Summer 2015 Rads

Canadian/short vs. U.S./long radiation sequences: Huh. Avant-garde? Not studied in patients with DCIS? Didn't know that. I live in a fairly small town (not quite 10,000) but the local cancer center serves a wider area, not surprisingly. My RO just suggested the shorter form; it's a good solid hospital, but I wouldn't have described it as avant-garde.

KPT - I'm glad to hear it went relatively easily. Thanks for the update. It's good to know that your skin is looking nice, too. What about the texture of your breast - does it feel normal again? (Sorry if that's too personal.)

I agree, Queenmomcat - it seems to me that the Canadian protocol has been pretty thoroughly vetted and I can't see that it makes a difference whether it's DCIS or IDC. US doctors can be incredibly slow to adopt strategies that have been proven elsewhere, almost as if the research doesn't matter if it wasn't done here.

I am down to 4 more boosts. If all goes as scheduled Friday will be my last day!

SweetHope, I agree about KPT's info. It's worth hanging on to and making it easy to find.

How are you feelign??

Quick question for your ladies, when you got your CT scan after your SIM, did they shoot you up with contrast?

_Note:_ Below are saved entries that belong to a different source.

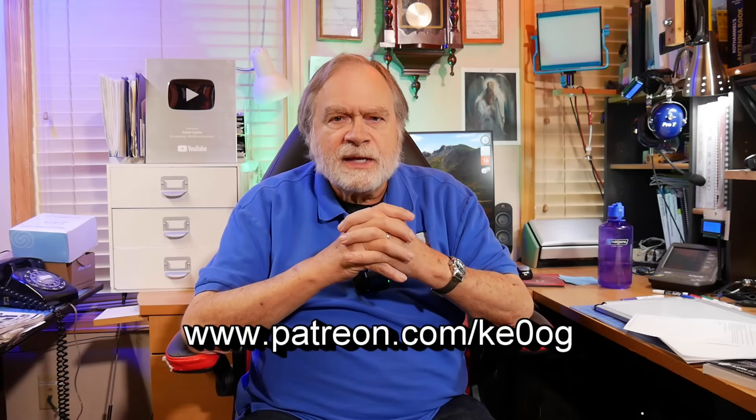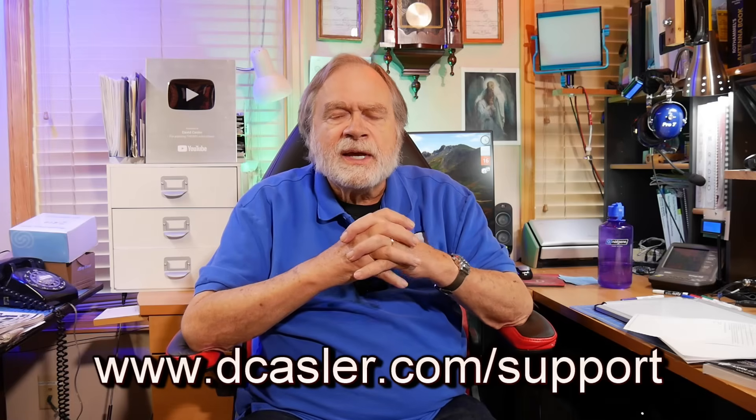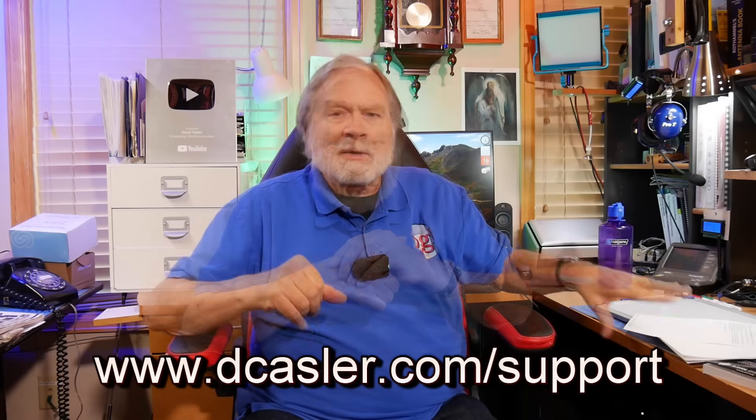Thank you very much for your support of this channel. Anyone else can also become a supporter by going to patreon.com/ke0og and pick something that works for you. We offer a special bonus for those who support the channel regularly — you get to view videos as soon as they're put up into the YouTube queue, before they go public. Also for channel members or those using the PayPal method. You can look at all the different methods at dcasler.com/support. Pick one that works for you. Thank you very much. So until we next meet, 73.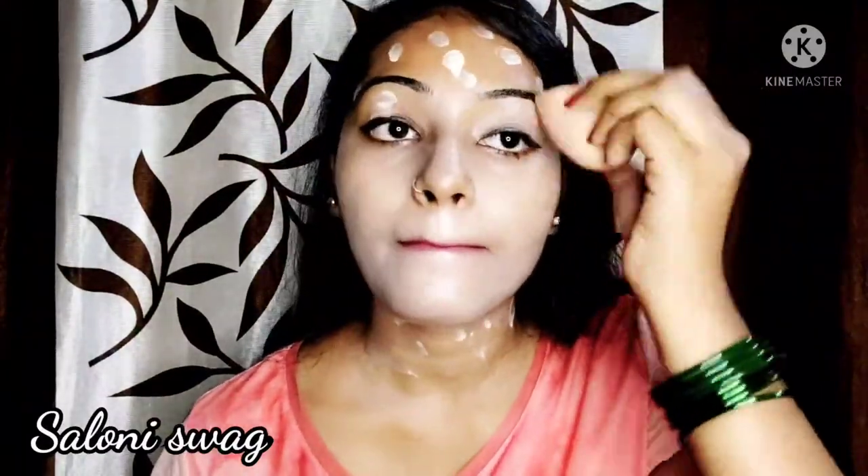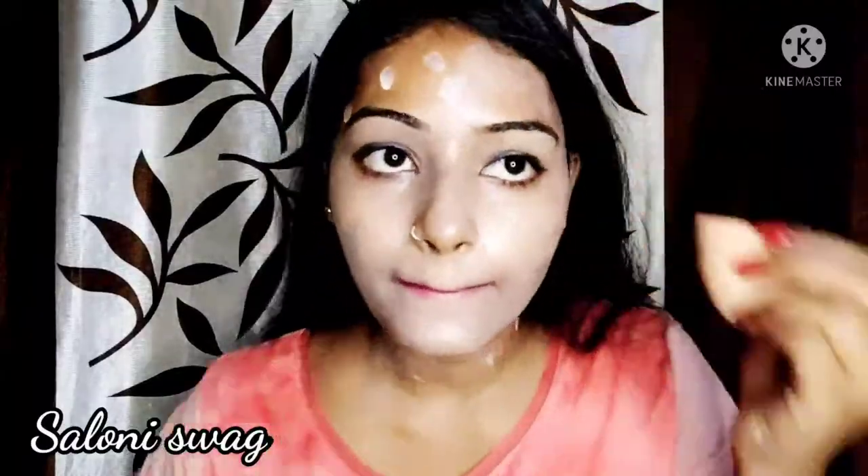After that, you will apply it on your face. You can apply it with the help of a makeup blender. I will put it on the palette and apply it with the makeup blender. After that, I will blend it on my face using the makeup blender, blending it evenly across my face.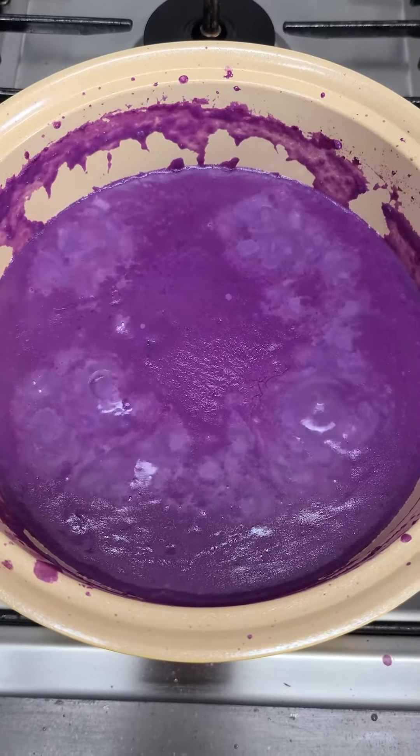I need to stir-fry, and put it in the water. Now it takes a lot of water.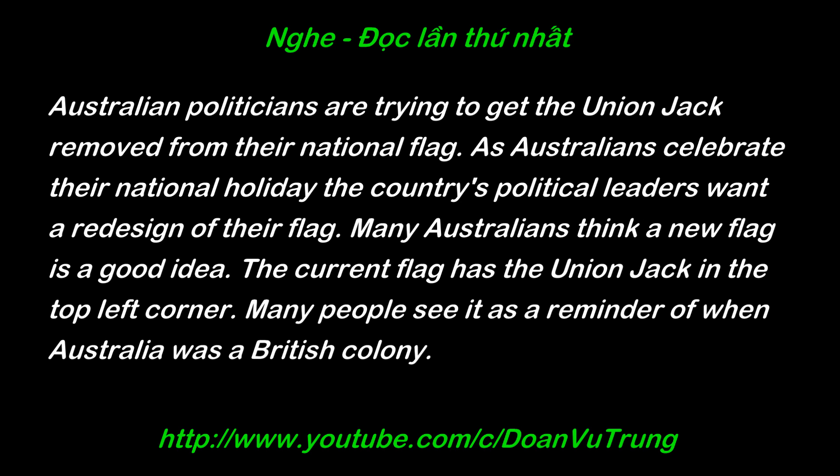Australian politicians are trying to get the Union Jack removed from their national flag. As Australians celebrate their national holiday, the country's political leaders want a redesign of their flag. Many Australians think a new flag is a good idea. The current flag has the Union Jack in the top left corner.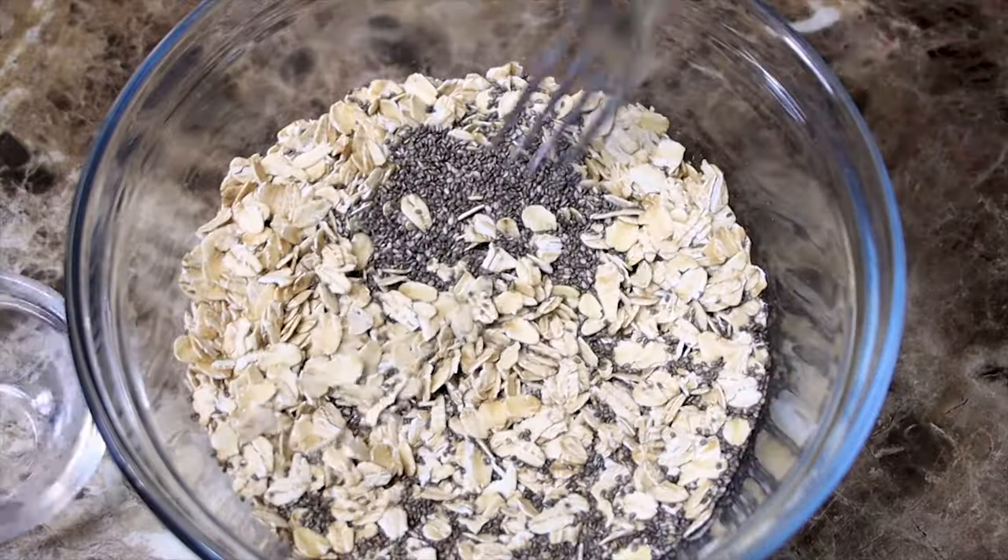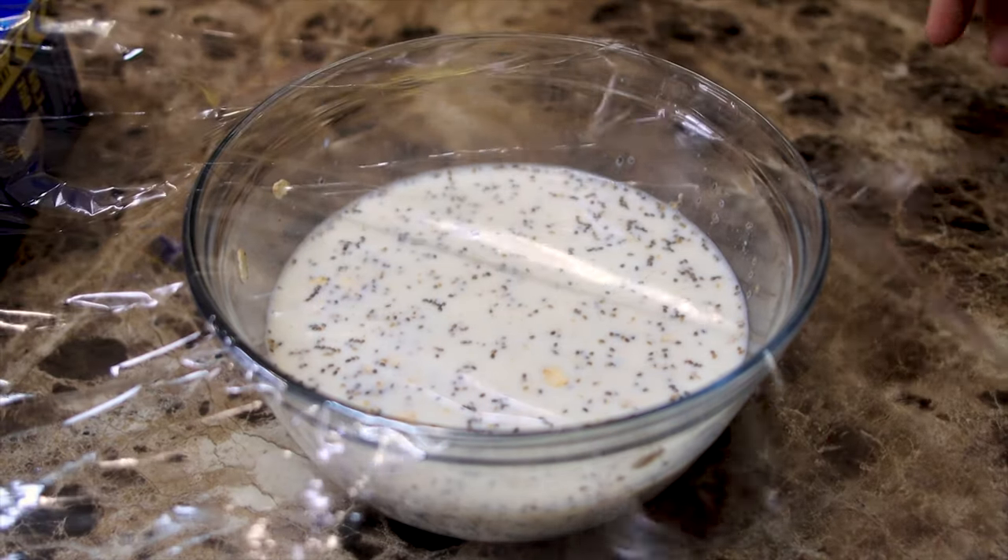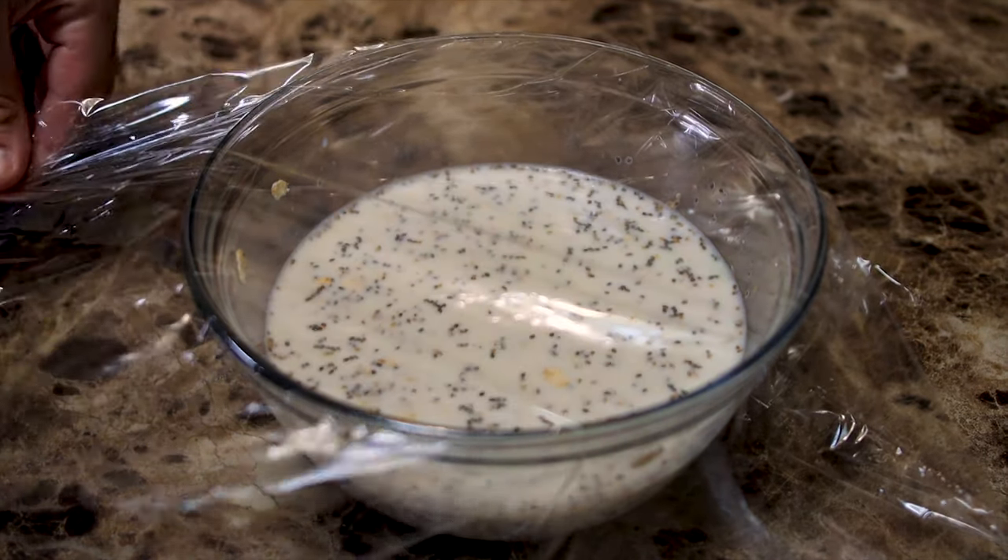This is a really easy recipe. Mix all your ingredients into a bowl, whisk them together so they're thoroughly combined, then wrap it with plastic wrap, put it in the fridge overnight, till you're awake next day to this.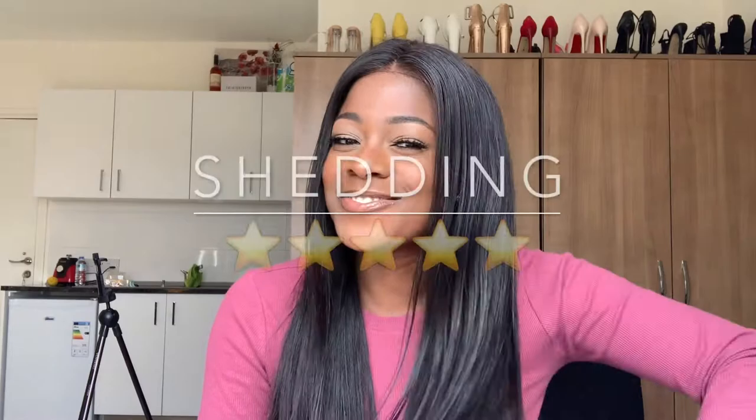This hair doesn't shed. I just noticed lately as I've been using it, there are just a few strands — very minimal. It's not even shedding, you can't even call it shedding. It's sometimes unnoticeable, so you can't even tell that it's the hair shedding. So yeah, shedding: five stars.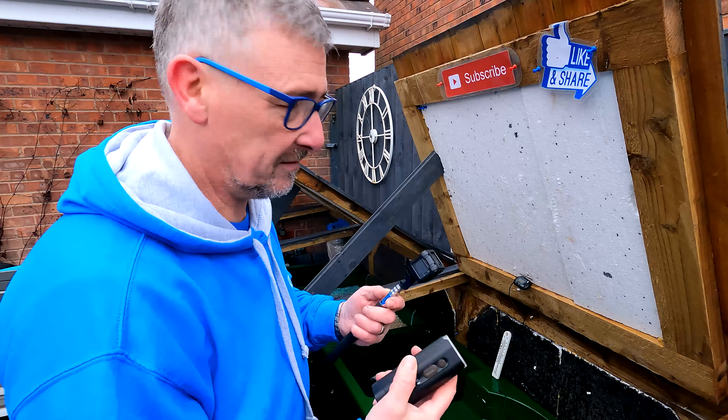Hey everybody and welcome back to Koi Pond Lifestyle. So what have we got on today? Interesting stuff today. I've got useful stuff as well but a couple of interesting things. I've been watching some other YouTube channels and watching their water tests and seeing that certain tests are coming out a little bit different. So I've had a look at mine and I've got some results to show you in a minute.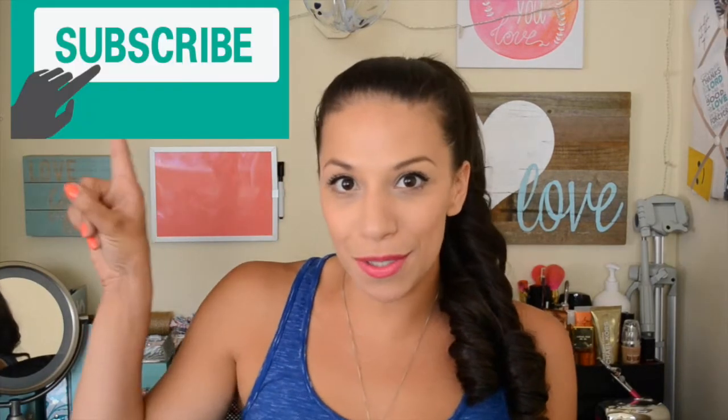Hi guys, welcome back to the Mama Mixer. I'm Shirley from Life as a Twin Mom, and today I'm going to share a couple of back-to-school DIYs. These are things that are going to help the first day of school be a little more memorable and a little easier on you. The best part is you can get everything from the dollar store — nothing is going to cost you more than two to three dollars for each of these DIYs. Super affordable and super cute!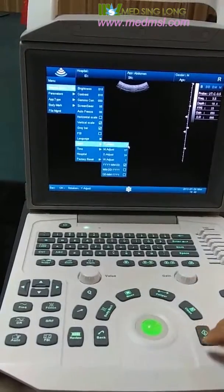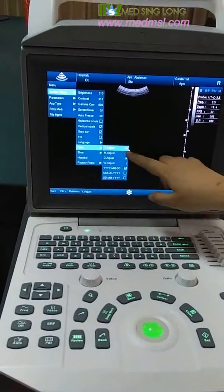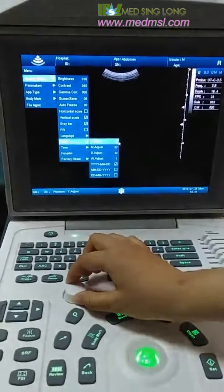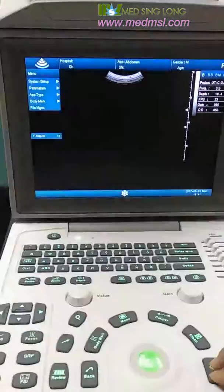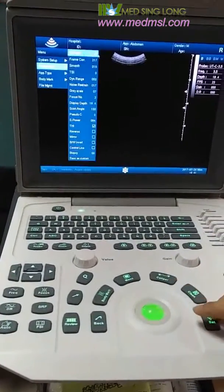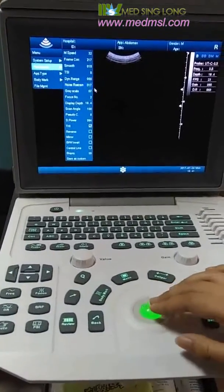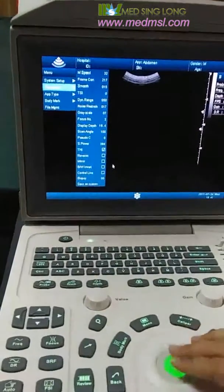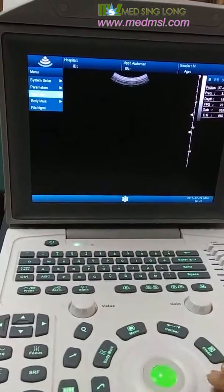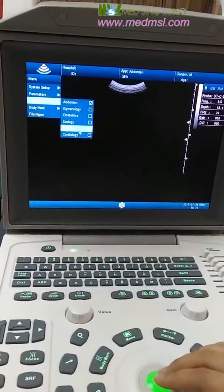You can also set the date here. You can see the date updates accordingly — it is very easy. We can also see the parameters such as M speed, bell speed, and the application type: Abdomen, Gynecology, Obstetrics, Urology, Organ, and Cardiology.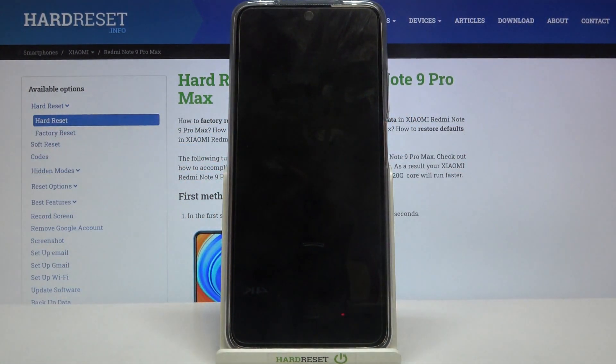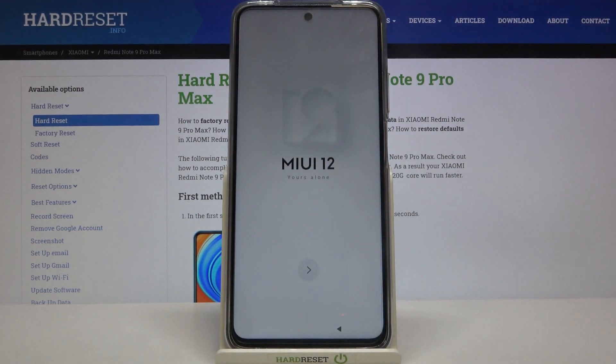From the main menu, tap Reboot, then Reboot to System. Your device will restart in about a minute or so, and that's it.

I really don't want another injection:(

I don't think I got any contrast... I barely knew I was being CT'd... I guess that's what that big CT tube was, eh? Yeah, they just scanned and marked me up with pens and tattoos and dermatag stickers... That's what I noticed most. And took photos! No IVs or injections... (other than the tattooing)

No, LittleBlue - no contrast and it was pretty fast. By the way, I did it without the tattoos (stickers only) and it's worked out just fine. I don't know if that's an issue for you or not, but do want you to know there are options.

My ROs did discuss the shorter protocol and why I wasn't a candidate for it. I'll be interested to see how thinking develops on that issue in the US.

April, I'm glad you're doing so well! Thanks for your very thoughtful post as well as your update.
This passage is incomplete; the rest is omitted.